Rosario Livatino, “Martire della Giustizia”

Sono passati 19 anni da quando sulla statale 640, fra Canicattì e Agrigento veniva ucciso il giudice ragazzino, 19 anni da quando l’auto di Rosario Livatino veniva affiancata e crivellata di colpi, da quando un uomo, poco più di un ragazzo, correva per le campagne ferito, per sfuggire ai proiettili che lo avrebbero finito, per continuare a vivere, per compiere fino in fondo il proprio dovere.
La volontà ferrea di compiere il proprio dovere, di svolgere fino in fondo i propri compiti, facendosi guidare dalla fede Livatino ce l’aveva da sempre, religioso e preciso come era, mai un passo indietro, nonostante sapesse che era in pericolo.
Aveva persino rinunciato alla scorta, ma non si rassegnava a continuare le sue indagini, firmare i mandati di cattura, andare in udienza per scoprire la Verità e chiedere per gli imputati le giuste condanne in nome della vera Giustizia.
La sua una esistenza semplice, come priva di artificiosità era la sua figura, la sua camera da letto, le sue abitudini.
Chi lo ha conosciuto l’ha definito brillante, dotato di eccezionale ingegno, preciso, estremamente scrupoloso: sono queste le qualità che emergono dal suo volto pulito da “ragazzino”, giovane nell’aspetto ma esperto nella professione che aveva scelto, lo stesso lavoro che gli procurò la morte il 21 settembre di diciannove anni fa.
Un giovane a modo, sorridente, magari un po’ introverso, un credente nel senso lato della parola. Infatti Rosario Livatino credeva in Dio, al quale si affidava da sempre, ma credeva anche nella Giustizia, nel suo lavoro che svolgeva con passione, con puntualità, con dedizione, credendo anche nell’ausilio delle nuove tecnologie si era interessato di informatica giuridica, ma soprattutto mettendo la propria attività sub tutela Dei, come si trova scritto spesso nella sua agenda.
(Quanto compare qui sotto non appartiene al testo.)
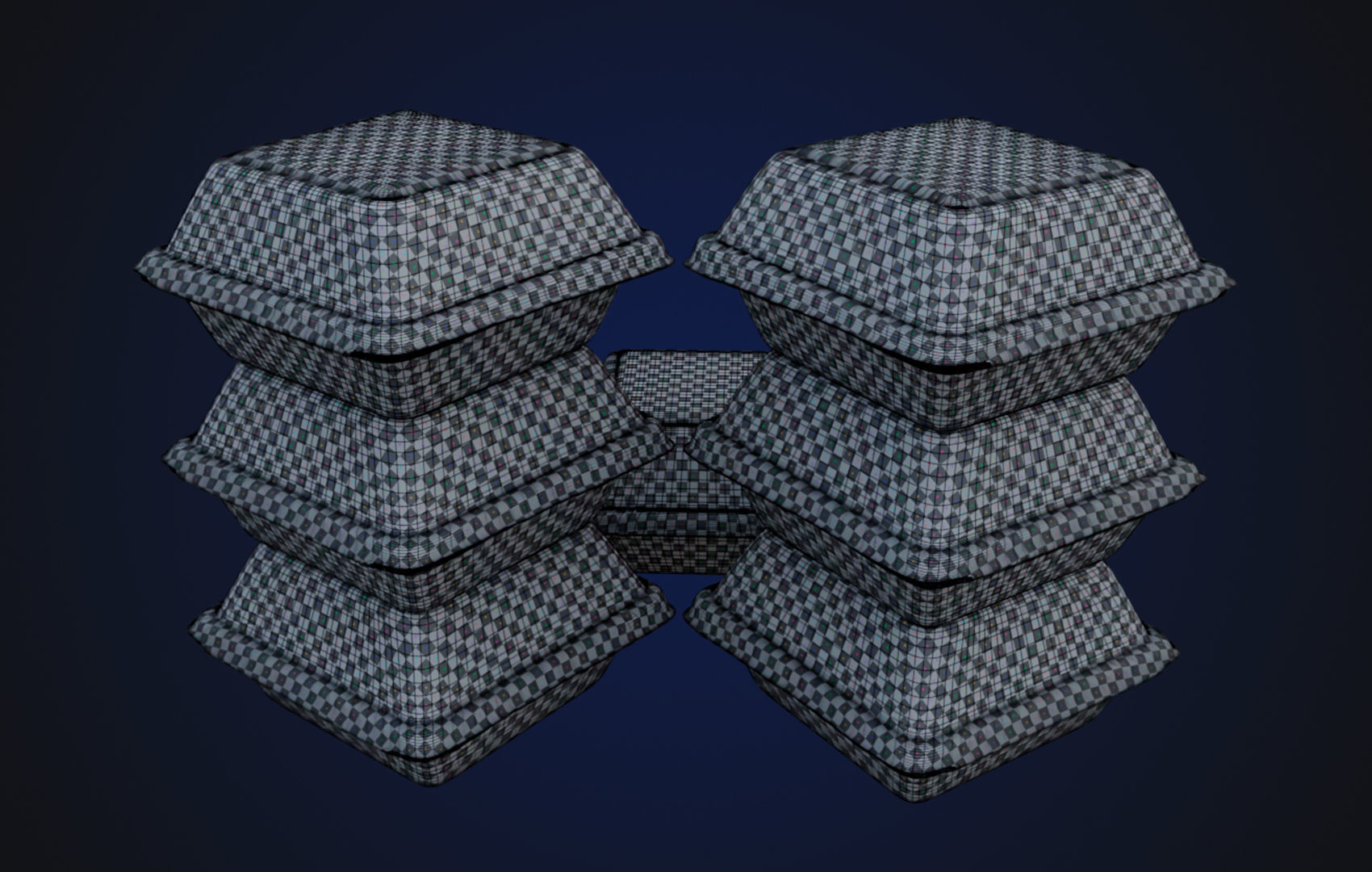 Close Box Disposable - Food styrofoam Container 3D model_27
Giovanni Paolo II lo definì “Martire della Giustizia”, sottolineando il suo impegno costante nelle indagini su Cosa Nostra, sulla Stidda, sul rapporto fra criminalità organizzata e società civile alla luce di collusioni riguardanti anche degli appalti non troppo regolari.
Per questo doveva pagare, doveva essere eliminato, operazione tanto più facile viste le abitudini del magistrato senza scorta.
L’unico testimone che ha visto la fuga del giudice per le campagne, come una preda braccata, prima che venisse freddato dagli ultimi colpi a bruciapelo, ha identificato uno dei sicari, Domenico Pace, il quale fu arrestato alcuni giorni dopo in Germania insieme con Paolo Amico, altro esecutore materiale del delitto. Entrambi, insieme a Giovanni Avarello e Gaetano Puzzangaro sono stati condannati all’ergastolo con sentenza definitiva.
L’inchiesta sull’omicidio Livatino è sfociata in tre procedimenti giudiziari: nei primi due sono stati condannati all’ergastolo i killer del magistrato. Nel terzo processo, i giudici della Corte d’Assise d’appello di Caltanissetta hanno condannato all’ergastolo come mandanti gli stiddari Antonio Gallea, Salvatore Calafato, Salvatore Parla e Giuseppe Montanari il quale, si è appurato, aveva messo a disposizione del commando una abitazione e mantenuto i contatti con alcuni latitanti all’estero.
Un omicidio voluto dalla Stidda per dimostrare a Cosa Nostra la sua potenza nel punire un magistrato che non sapeva stare al suo posto, un tipo tosto, integerrimo, inavvicinabile, uno che poteva fermarsi solo da morto.
Eppure neppure da morto Rosario Livatino si è fermato, ha continuato a far parlare di sé, a provocare danni a mandanti ed esecutori del suo omicidio facendoli finire in carcere, dimostrando ancora una volta il vero senso della Giustizia che aveva scelto di seguire.
Il prossimo 23 settembre sarà intitolata al giudice di Canicattì la sala verde del Ministero della Giustizia, un gesto atto a ricordare una figura importante per l’alto senso civico, la devozione al lavoro, l’assenza di compromessi.